===== Material supplied
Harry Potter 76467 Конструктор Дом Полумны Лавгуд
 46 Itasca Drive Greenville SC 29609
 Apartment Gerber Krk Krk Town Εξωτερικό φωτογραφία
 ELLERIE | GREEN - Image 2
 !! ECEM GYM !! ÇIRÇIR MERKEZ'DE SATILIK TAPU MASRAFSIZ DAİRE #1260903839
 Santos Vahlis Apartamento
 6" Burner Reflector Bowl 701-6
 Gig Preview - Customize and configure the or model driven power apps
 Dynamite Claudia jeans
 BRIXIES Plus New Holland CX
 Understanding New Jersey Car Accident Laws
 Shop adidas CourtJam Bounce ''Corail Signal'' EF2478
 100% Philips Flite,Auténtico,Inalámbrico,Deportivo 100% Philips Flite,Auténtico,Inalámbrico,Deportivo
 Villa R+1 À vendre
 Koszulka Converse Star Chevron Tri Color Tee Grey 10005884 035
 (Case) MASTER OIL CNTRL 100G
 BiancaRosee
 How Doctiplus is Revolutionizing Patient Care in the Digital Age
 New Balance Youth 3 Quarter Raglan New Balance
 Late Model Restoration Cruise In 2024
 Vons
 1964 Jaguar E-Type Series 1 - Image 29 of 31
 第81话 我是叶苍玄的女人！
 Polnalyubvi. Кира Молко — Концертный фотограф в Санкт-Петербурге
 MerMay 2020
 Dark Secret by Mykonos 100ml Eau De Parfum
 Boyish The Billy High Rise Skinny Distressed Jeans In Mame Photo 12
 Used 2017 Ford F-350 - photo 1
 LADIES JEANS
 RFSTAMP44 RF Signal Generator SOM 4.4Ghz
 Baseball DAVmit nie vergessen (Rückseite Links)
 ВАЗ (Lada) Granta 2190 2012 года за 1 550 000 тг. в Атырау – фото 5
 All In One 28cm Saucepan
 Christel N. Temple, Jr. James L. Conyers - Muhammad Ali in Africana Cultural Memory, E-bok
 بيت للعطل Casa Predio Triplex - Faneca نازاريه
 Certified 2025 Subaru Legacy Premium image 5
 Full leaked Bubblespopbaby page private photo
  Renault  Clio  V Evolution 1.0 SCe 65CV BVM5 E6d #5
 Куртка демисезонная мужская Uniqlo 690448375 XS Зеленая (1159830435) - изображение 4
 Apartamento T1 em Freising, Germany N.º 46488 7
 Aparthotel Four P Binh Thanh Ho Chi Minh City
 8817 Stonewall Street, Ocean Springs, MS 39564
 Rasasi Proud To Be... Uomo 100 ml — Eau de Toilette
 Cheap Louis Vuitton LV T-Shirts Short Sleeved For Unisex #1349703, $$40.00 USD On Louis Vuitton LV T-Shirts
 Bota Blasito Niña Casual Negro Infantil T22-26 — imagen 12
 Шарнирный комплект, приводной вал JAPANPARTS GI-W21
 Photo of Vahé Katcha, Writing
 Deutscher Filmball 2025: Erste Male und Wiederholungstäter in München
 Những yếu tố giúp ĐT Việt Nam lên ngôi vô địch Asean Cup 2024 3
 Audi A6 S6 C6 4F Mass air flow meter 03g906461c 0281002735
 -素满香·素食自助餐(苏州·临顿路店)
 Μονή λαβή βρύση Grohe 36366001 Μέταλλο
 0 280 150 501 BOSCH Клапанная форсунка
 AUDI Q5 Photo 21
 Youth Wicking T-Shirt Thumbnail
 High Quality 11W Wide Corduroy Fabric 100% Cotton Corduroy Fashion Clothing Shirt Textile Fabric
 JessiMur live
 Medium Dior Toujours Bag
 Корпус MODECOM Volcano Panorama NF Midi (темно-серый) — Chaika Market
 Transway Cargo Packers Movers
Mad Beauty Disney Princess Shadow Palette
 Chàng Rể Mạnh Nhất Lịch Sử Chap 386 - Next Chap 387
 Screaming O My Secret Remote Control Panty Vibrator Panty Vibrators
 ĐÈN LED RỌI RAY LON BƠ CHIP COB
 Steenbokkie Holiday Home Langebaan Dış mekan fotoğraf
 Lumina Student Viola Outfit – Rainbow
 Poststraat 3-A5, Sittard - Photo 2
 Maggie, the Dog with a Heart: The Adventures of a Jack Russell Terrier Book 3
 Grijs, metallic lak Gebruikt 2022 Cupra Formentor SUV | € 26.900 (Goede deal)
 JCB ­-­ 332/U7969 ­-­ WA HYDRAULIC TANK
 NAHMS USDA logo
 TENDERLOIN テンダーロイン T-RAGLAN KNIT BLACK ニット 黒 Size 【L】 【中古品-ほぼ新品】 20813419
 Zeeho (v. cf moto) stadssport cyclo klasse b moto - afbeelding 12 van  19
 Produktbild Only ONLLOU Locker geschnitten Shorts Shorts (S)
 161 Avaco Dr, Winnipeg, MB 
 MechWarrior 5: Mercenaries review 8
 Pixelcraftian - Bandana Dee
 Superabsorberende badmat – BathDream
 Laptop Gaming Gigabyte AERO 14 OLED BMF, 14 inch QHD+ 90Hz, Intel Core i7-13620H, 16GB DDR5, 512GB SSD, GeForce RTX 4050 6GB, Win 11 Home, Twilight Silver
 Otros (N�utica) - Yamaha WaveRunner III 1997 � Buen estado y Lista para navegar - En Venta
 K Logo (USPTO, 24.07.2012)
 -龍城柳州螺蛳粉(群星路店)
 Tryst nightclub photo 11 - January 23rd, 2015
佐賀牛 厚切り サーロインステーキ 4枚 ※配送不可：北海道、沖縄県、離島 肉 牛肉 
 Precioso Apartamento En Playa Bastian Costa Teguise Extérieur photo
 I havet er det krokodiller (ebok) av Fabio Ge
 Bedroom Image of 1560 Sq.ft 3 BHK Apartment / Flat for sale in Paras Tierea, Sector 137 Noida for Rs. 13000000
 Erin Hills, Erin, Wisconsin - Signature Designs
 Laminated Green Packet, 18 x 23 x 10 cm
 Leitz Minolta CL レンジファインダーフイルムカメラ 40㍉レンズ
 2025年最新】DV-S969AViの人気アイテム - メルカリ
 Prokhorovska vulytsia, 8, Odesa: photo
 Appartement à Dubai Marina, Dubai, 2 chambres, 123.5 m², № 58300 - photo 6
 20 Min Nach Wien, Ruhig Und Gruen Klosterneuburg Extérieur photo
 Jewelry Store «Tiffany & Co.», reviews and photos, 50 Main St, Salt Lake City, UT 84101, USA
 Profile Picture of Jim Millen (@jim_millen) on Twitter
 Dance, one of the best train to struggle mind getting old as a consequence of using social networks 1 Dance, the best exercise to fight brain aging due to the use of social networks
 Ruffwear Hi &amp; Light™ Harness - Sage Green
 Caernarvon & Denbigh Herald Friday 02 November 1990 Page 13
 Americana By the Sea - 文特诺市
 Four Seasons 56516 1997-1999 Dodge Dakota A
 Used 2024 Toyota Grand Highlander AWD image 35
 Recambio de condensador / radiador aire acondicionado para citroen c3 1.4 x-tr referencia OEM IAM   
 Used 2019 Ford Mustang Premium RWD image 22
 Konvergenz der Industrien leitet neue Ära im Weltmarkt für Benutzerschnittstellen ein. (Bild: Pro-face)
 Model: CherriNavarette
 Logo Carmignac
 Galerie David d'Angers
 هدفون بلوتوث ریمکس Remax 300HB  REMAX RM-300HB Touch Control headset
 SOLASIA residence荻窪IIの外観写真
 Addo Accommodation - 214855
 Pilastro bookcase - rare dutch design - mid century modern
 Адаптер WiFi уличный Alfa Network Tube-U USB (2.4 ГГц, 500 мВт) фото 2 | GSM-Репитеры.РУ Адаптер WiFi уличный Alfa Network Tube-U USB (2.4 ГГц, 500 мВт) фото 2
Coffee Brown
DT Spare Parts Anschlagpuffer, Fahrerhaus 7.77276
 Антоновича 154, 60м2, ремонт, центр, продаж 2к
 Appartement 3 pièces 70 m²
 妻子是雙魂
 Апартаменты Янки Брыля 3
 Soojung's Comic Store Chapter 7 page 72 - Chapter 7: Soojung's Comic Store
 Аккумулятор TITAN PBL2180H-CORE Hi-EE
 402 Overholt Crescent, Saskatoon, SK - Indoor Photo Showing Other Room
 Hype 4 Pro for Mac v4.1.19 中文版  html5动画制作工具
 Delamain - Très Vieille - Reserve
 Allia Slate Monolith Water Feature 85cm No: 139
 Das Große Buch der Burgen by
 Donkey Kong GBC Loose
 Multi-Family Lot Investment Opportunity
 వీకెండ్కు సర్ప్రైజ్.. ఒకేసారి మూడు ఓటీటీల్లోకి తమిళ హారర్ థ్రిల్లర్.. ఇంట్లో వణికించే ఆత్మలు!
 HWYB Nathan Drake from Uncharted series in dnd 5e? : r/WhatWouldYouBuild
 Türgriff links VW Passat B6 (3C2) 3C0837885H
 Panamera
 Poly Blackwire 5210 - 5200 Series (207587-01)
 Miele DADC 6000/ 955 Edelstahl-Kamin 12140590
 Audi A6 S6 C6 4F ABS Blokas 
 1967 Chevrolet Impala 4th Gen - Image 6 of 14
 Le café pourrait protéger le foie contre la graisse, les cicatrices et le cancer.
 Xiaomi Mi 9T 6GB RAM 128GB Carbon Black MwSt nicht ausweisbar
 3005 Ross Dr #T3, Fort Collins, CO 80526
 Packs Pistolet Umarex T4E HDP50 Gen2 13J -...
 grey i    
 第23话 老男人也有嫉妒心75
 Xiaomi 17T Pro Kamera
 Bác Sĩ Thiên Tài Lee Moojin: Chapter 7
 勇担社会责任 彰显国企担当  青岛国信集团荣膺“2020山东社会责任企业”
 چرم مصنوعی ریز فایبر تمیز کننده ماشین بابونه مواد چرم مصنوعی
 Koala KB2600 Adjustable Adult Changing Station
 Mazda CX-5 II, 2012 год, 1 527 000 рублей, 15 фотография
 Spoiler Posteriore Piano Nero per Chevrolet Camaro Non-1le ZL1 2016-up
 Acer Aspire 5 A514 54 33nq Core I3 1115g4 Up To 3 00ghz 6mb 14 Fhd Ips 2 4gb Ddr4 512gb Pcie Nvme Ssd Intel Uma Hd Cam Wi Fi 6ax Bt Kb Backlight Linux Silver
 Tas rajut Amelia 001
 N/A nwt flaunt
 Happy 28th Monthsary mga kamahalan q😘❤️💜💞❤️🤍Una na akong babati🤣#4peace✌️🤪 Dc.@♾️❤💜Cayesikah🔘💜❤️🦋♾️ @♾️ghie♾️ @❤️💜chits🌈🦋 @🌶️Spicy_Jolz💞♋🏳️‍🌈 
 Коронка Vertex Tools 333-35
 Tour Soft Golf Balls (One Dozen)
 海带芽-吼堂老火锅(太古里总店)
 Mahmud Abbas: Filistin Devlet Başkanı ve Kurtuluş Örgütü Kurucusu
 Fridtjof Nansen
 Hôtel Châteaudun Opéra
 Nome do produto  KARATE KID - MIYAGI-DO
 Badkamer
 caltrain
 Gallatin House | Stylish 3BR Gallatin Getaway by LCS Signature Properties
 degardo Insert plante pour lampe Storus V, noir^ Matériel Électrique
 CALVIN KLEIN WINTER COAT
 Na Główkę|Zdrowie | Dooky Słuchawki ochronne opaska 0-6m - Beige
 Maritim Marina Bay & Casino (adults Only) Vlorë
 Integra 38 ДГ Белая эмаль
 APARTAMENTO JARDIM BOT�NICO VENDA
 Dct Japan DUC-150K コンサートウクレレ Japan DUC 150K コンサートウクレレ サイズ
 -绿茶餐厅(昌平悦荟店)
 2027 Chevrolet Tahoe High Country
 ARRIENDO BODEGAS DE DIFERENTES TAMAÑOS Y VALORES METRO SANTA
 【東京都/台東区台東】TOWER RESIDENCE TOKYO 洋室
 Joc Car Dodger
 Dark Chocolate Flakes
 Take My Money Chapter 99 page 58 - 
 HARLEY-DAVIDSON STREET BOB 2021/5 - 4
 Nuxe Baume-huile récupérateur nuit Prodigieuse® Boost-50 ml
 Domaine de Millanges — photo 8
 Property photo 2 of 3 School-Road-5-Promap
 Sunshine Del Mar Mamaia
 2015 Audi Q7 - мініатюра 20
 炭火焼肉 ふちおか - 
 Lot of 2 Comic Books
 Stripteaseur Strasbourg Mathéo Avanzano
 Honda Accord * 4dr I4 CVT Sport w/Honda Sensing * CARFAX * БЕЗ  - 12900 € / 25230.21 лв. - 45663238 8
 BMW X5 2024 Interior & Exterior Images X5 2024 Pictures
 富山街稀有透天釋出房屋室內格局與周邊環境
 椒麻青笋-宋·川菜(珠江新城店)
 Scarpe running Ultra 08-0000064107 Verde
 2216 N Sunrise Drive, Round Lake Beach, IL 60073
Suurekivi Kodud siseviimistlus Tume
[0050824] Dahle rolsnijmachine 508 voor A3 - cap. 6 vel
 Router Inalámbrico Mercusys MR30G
==========
* What is needed *
Within the material above, extract exactly the lines that start at the line containing "Used 2024 Toyota" and stop after the line containing "Аккумулятор TITAN PBL2180H-CORE Hi-EE", and only those.

* Solution for this problem *
 Used 2024 Toyota Grand Highlander AWD image 35
 Recambio de condensador / radiador aire acondicionado para citroen c3 1.4 x-tr referencia OEM IAM   
 Used 2019 Ford Mustang Premium RWD image 22
 Konvergenz der Industrien leitet neue Ära im Weltmarkt für Benutzerschnittstellen ein. (Bild: Pro-face)
 Model: CherriNavarette
 Logo Carmignac
 Galerie David d'Angers
 هدفون بلوتوث ریمکس Remax 300HB  REMAX RM-300HB Touch Control headset
 SOLASIA residence荻窪IIの外観写真
 Addo Accommodation - 214855
 Pilastro bookcase - rare dutch design - mid century modern
 Адаптер WiFi уличный Alfa Network Tube-U USB (2.4 ГГц, 500 мВт) фото 2 | GSM-Репитеры.РУ Адаптер WiFi уличный Alfa Network Tube-U USB (2.4 ГГц, 500 мВт) фото 2
Coffee Brown
DT Spare Parts Anschlagpuffer, Fahrerhaus 7.77276
 Антоновича 154, 60м2, ремонт, центр, продаж 2к
 Appartement 3 pièces 70 m²
 妻子是雙魂
 Апартаменты Янки Брыля 3
 Soojung's Comic Store Chapter 7 page 72 - Chapter 7: Soojung's Comic Store
 Аккумулятор TITAN PBL2180H-CORE Hi-EE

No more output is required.